By offering free tuition, the state university reaches many who would otherwise fail to enjoy higher training. It tends to equalize the conditions for rich and poor in the struggle for the survival of the fittest.

The state university, as it develops and realizes its true function, must be thoroughly catholic in spirit, because it stands for humanity, truth, and progress. Nowhere is the professor or the scholar permitted to use such intellectual freedom as in the state university in Germany, and in the natural course of events the same freedom will be allowed in the United States. Not only will the free and inventive spirit become characteristic, but our Western universities, standing in the midst of the most advanced ideas of civilization, must furnish some of the most important contributions to the study of all social, economic, and ethical problems.

In the state universities the mental and moral atmosphere is healthful. A strong, honest manhood is cultivated. There all ideals are strongly maintained, not according to a particular creed, but with regard to all the implications of man’s higher nature. All influences tend to make citizens who are in harmony with the national spirit. An extended acquaintance with graduates of various state universities shows that, as a whole, they are broad-minded citizens, loyal to the public interest.

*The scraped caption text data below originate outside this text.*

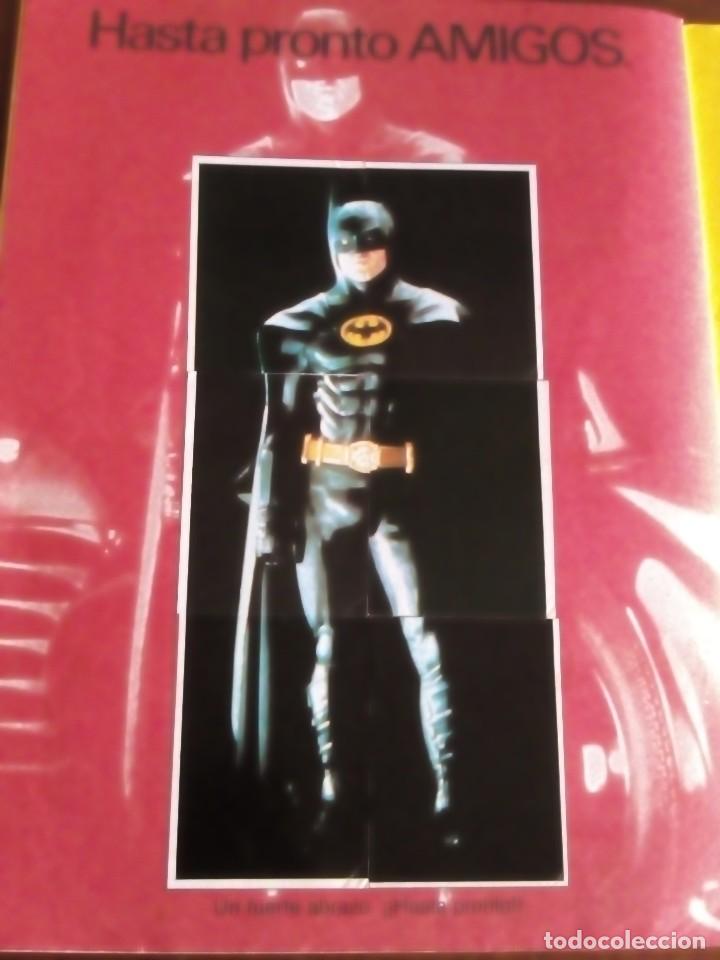 Coleccionismo &aacute;lbum: BATMAN COMPLETO - Foto 13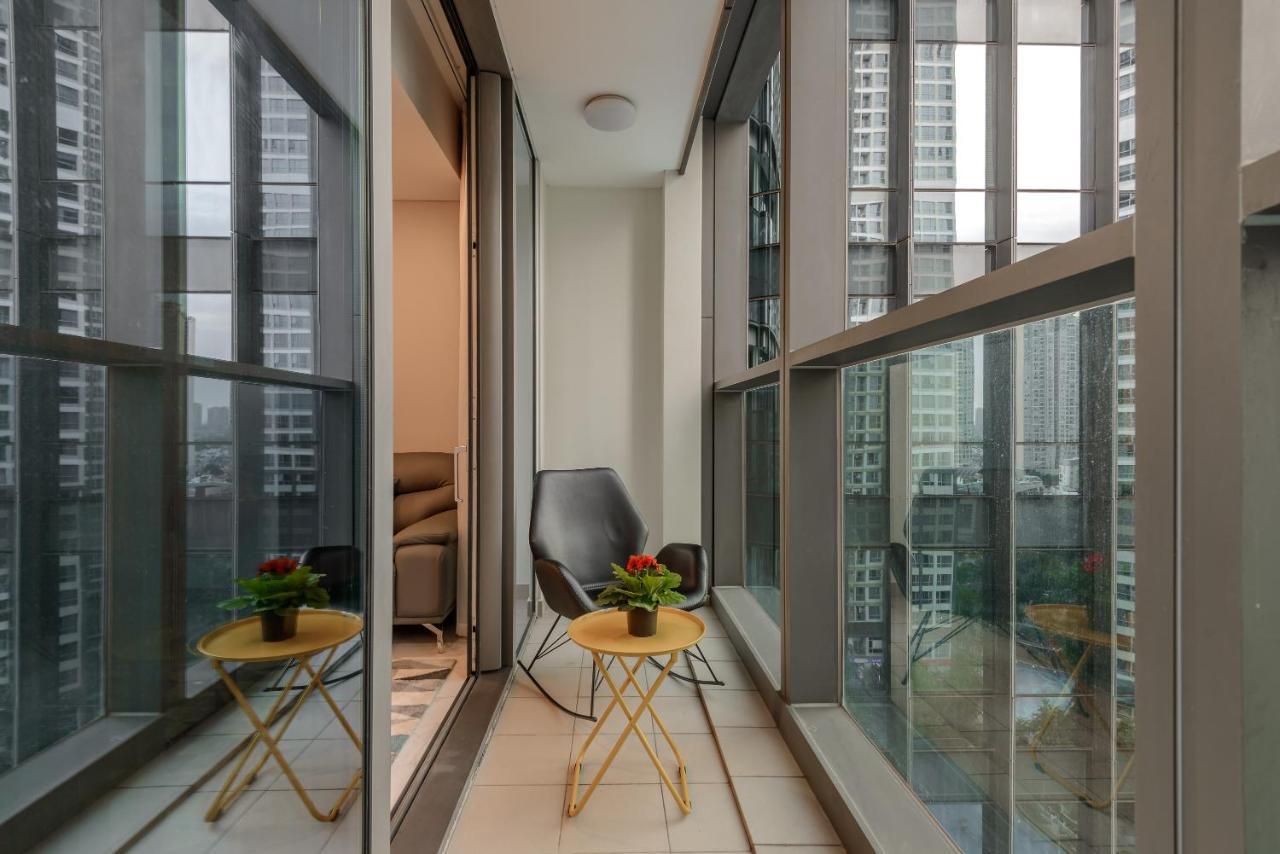 Landmark 81 - Imperial Residence Ho Şi Min Dış mekan fotoğraf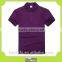 custom summer breathable cotton plain oem polo shirts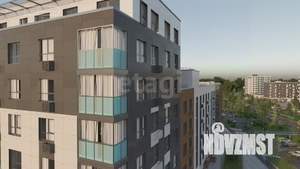 Студия квартира, вторичка, 23м2, 3/10 этаж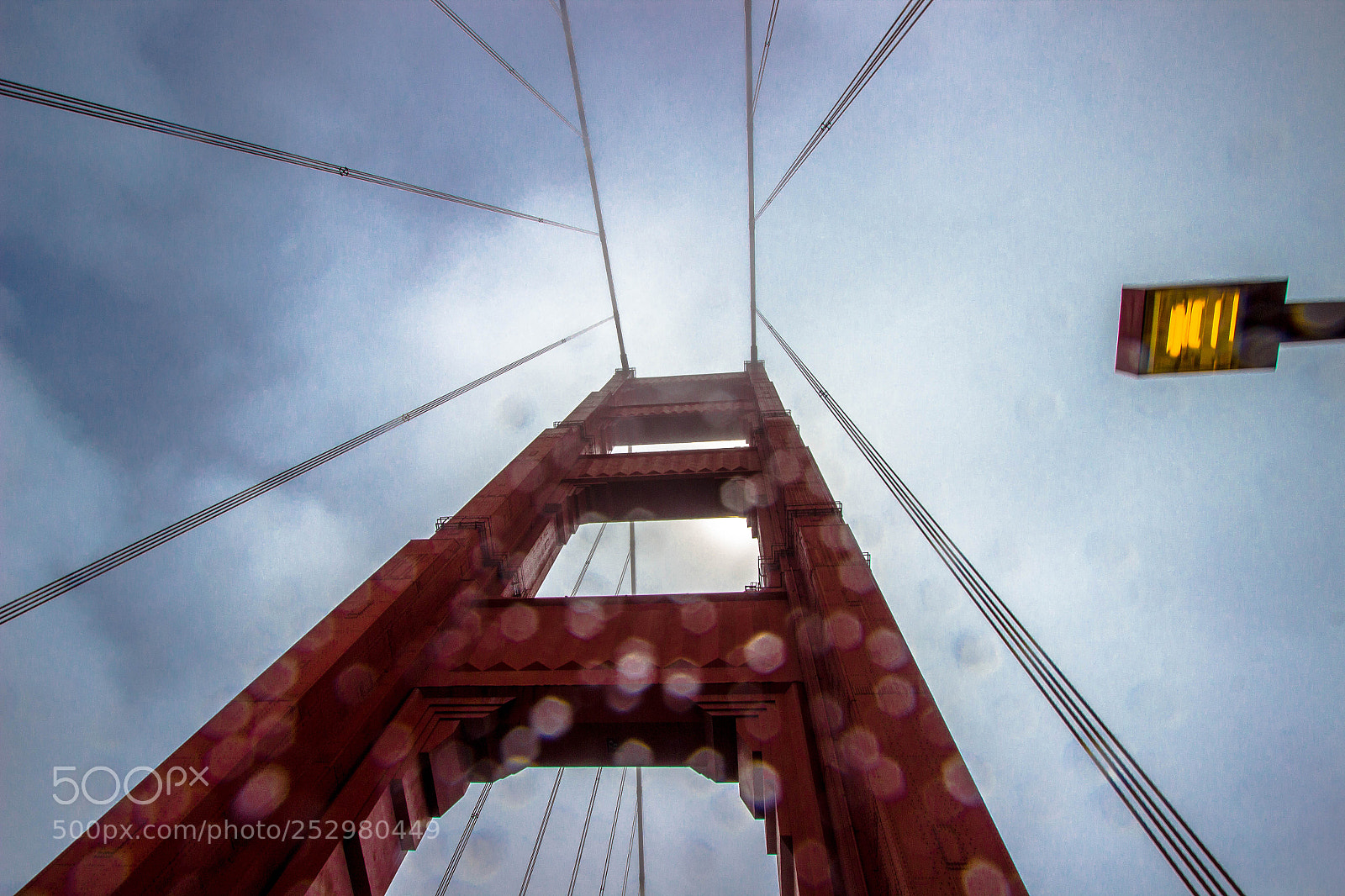 Canon EOS 600D (Rebel EOS T3i / EOS Kiss X5) sample photo. Golden gate to the photography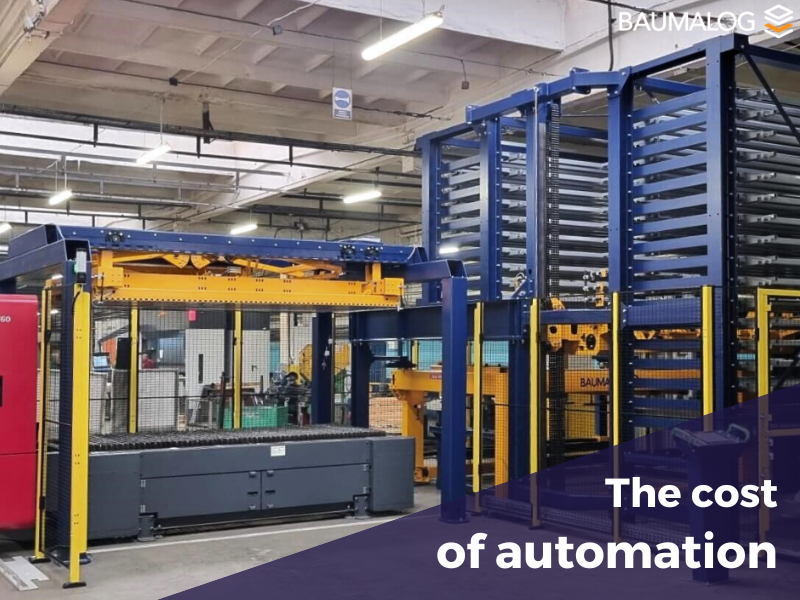 The Cost Of Automation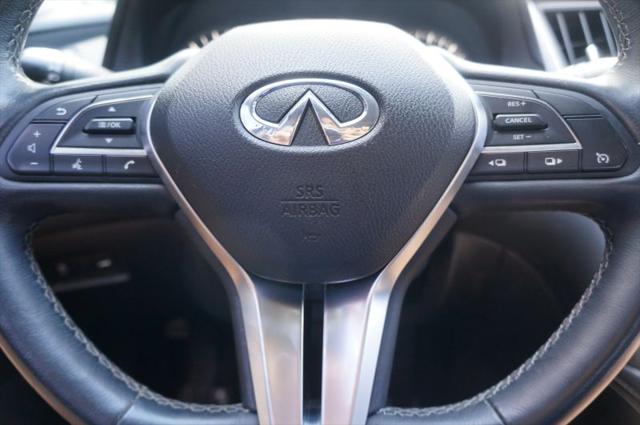 2019 INFINITI Q50 3.0t LUXE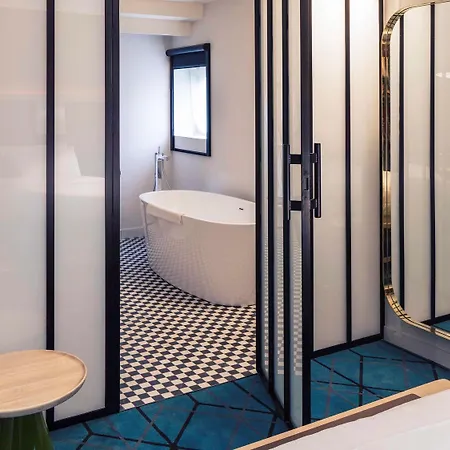 Mercure Centre Gare 4* Nantes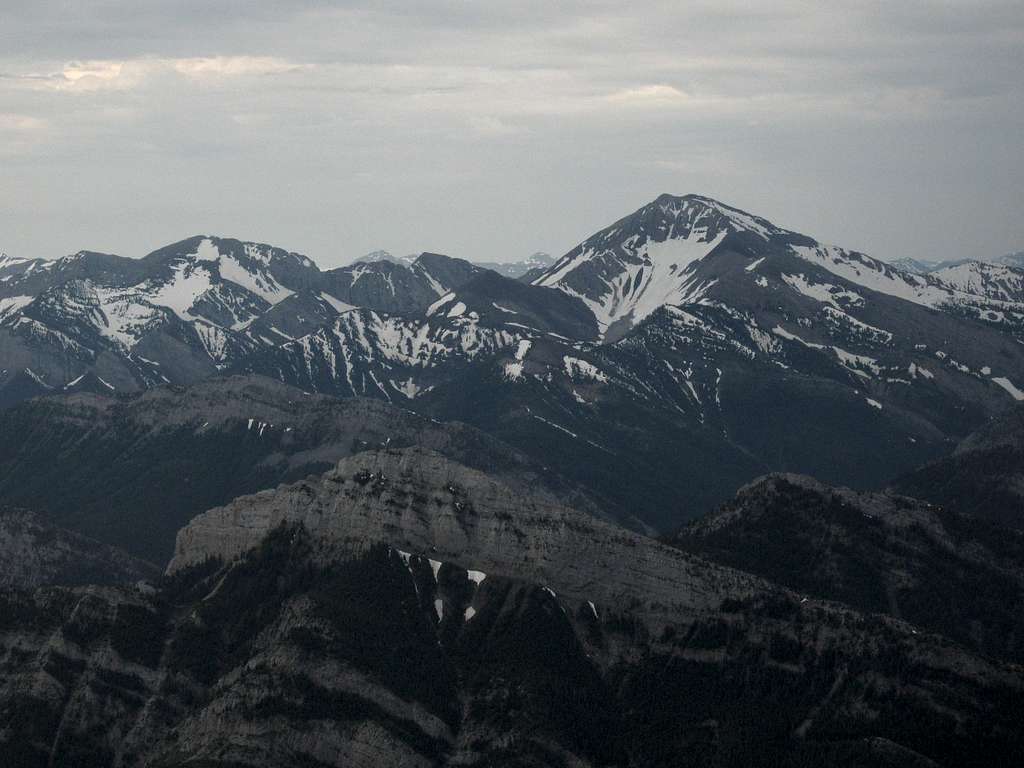 Summit View-- West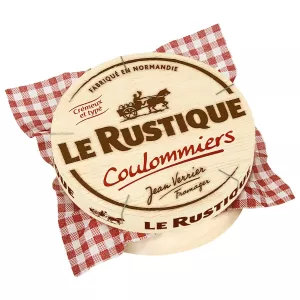 350g Coulommiers Le Rustique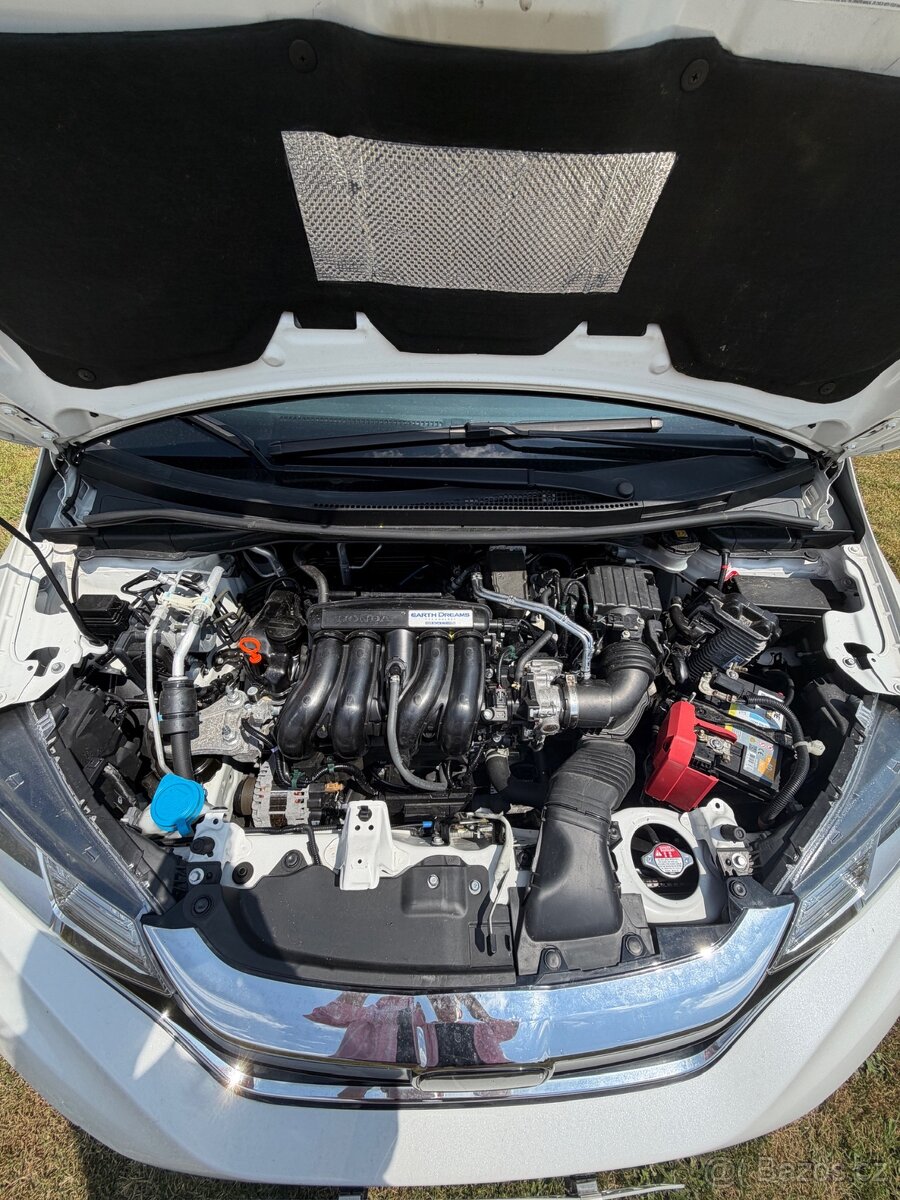 Honda jazz fit - 13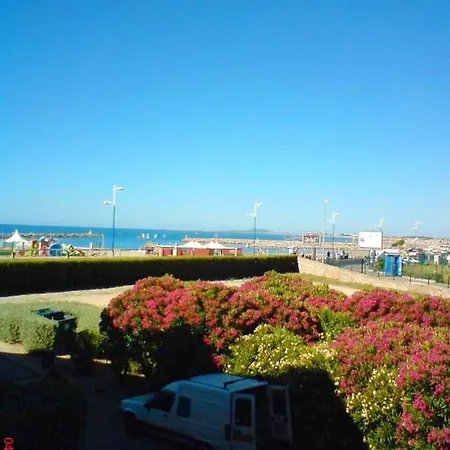 Appartamento Studio Confortable Avec Vue Sur La Mer A 28 M² Sète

The relation of the religious denominations to the state university is one that commands serious attention. The university says to each class of people: “Here is an institution which is equally for the advantage of all—it is yours. Its platform, founded on ideals of truth, beauty, and goodness, is as broad as humanity. Since there must be diversity of religious views, establish your theological schools, halls, guilds, or professorships in the vicinity of the university, and, making use of what the state offers, supplement in your own way the work of the state.” The plan is in the highest degree economical; it combines unity of effort with variety of independent view; it makes the general good and the special interest mutually helpful. It is the plan of business common sense and of wise insight into the problems of the age. That the denominations—granting their point of view—should join their interest with that of the state university is shown also by the fact that often a given denomination finds more of its students there than at its church school.

Many state universities are beginning to receive private endowment. Every consideration of public interest in each state should turn the contributions for education toward the one great centre of learning. Very few states can support more than one such centre. Libraries, art collections, museums, laboratories, buildings, well-endowed chairs, beautiful grounds, should testify to the munificence of private wealth as well as to the benefactions of the state.

Speaking generally, the state universities have large incomes and good facilities. They require high standards for admission and graduation. Wherever feasible, they maintain professional schools and schools of applied science. They do this upon the theory that the state should both regulate and provide professional education in the interest of proper standards, and that, in the interest of the state and of the individual, such education should be made available to the sons of the poor. Every leading state university is developing a graduate school.

In the matter of electives, the state university occupies a middle ground. Yale and Princeton represent the conservative side, and Harvard and Stanford the liberal extreme. An examination of the curricula of ten leading state universities shows that the requirements for admission are definitely prescribed, although two or more courses are recognized; that about half the college studies are required, while the remaining half are offered as group or free electives. The state universities naturally show a tendency toward the German university system.


In America the college has been frankly maintained in accord with Platonic ideals. A full rounded manhood, drawing its power from each chief source of knowledge, and prepared in a general way for every practical activity, has been the aim. The American college is dear to the people, and it has done much to make strong men who have powerfully influenced the nation. There are, however, various tendencies which are likely to modify the whole organization of the American university, including that of the college.

The recent tendency toward free election, reaching even into the high school, is a subject of animated controversy. This tendency I have frequently discussed elsewhere, and must still maintain that, in its extreme form, it is irrational. One university of high standing makes it possible to enter its academic department and graduate without mathematics, science, or classics. This is an extreme that is not likely to be sanctioned by the educational world. If there is a human type with characteristics by which it is defined—characteristics which can be developed only by looking toward each field of knowledge—then a secondary and higher education which makes possible the entire omission of any important group of subjects is likely to prove a great wrong to the average student. According to some high educational authorities, no one can be called liberally educated who does not at least possess knowledge of (1) mathematics and science, (2) language and literature, (3) philosophy. Philosophy, as it was in Greece and as it is in Germany, may become a larger factor in our American education.